• **Instructions to follow**
Find the line that contains "this 450×320 image.". Restate it and each following line exactly, through the end of the records.

Records from a data collection:
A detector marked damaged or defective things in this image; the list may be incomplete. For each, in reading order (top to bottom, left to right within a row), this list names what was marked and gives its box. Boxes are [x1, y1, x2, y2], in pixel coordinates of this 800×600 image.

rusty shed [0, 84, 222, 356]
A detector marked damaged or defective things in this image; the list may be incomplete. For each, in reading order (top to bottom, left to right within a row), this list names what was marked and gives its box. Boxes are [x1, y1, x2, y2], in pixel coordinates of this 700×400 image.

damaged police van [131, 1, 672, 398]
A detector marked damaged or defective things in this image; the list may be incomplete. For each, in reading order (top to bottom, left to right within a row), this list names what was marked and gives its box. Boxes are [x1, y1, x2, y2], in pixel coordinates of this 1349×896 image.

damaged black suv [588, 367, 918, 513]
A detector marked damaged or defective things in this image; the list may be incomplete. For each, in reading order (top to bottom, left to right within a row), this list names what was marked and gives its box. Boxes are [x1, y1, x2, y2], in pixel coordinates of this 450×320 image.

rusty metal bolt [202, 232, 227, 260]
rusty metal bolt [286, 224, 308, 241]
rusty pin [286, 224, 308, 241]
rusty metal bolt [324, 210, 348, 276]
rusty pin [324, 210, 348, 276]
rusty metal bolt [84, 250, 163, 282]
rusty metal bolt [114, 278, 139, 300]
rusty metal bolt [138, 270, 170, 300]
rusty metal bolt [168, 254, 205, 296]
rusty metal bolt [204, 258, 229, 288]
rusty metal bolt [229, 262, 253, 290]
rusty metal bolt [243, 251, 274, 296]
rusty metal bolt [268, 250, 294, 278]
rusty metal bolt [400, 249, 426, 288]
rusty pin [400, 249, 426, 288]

• **Answer box**
A detector marked damaged or defective things in this image; the list may be incomplete. For each, in reading order (top to bottom, left to right within a row), this list names what was marked and gives its box. Boxes are [x1, y1, x2, y2], in pixel coordinates of this 450×320 image.

rusty metal bolt [202, 232, 227, 260]
rusty metal bolt [286, 224, 308, 241]
rusty pin [286, 224, 308, 241]
rusty metal bolt [324, 210, 348, 276]
rusty pin [324, 210, 348, 276]
rusty metal bolt [84, 250, 163, 282]
rusty metal bolt [114, 278, 139, 300]
rusty metal bolt [138, 270, 170, 300]
rusty metal bolt [168, 254, 205, 296]
rusty metal bolt [204, 258, 229, 288]
rusty metal bolt [229, 262, 253, 290]
rusty metal bolt [243, 251, 274, 296]
rusty metal bolt [268, 250, 294, 278]
rusty metal bolt [400, 249, 426, 288]
rusty pin [400, 249, 426, 288]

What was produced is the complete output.